### Exercise
Scan the listing below for "Diamond", then report every line that has it.

_____

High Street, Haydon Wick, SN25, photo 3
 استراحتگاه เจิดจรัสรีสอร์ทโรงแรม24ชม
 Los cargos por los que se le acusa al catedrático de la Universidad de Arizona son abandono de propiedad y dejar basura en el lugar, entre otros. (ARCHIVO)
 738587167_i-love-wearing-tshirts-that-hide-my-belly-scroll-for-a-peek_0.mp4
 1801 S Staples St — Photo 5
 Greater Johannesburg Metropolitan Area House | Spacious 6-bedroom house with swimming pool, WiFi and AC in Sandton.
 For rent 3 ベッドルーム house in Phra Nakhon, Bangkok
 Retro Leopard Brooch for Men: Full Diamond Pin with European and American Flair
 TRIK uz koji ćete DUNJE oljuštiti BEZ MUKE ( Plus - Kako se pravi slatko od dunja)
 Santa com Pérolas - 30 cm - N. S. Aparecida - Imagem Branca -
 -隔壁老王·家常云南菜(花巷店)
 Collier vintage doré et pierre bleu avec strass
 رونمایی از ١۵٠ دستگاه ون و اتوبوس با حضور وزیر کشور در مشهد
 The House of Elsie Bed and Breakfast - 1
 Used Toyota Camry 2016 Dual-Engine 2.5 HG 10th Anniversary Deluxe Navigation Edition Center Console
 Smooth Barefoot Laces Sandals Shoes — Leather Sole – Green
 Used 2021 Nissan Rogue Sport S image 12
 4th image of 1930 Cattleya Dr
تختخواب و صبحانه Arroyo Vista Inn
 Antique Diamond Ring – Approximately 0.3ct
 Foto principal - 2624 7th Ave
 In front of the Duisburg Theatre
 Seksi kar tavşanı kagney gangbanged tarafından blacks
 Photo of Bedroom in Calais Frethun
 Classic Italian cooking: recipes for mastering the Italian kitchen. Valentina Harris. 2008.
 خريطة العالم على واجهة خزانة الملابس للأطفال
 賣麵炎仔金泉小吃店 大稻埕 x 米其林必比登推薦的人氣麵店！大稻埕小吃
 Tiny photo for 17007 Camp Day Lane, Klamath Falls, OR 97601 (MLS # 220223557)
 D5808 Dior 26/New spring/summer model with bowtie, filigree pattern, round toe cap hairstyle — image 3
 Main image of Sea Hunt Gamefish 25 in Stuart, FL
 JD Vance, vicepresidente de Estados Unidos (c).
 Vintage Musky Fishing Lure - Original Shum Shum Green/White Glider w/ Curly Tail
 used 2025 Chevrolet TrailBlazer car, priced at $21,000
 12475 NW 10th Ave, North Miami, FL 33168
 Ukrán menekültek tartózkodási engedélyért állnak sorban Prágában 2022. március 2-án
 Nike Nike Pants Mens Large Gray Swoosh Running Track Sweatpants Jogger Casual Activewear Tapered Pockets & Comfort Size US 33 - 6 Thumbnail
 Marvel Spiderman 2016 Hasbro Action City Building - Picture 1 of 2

_____

### Problem solution
 Retro Leopard Brooch for Men: Full Diamond Pin with European and American Flair
 Antique Diamond Ring – Approximately 0.3ct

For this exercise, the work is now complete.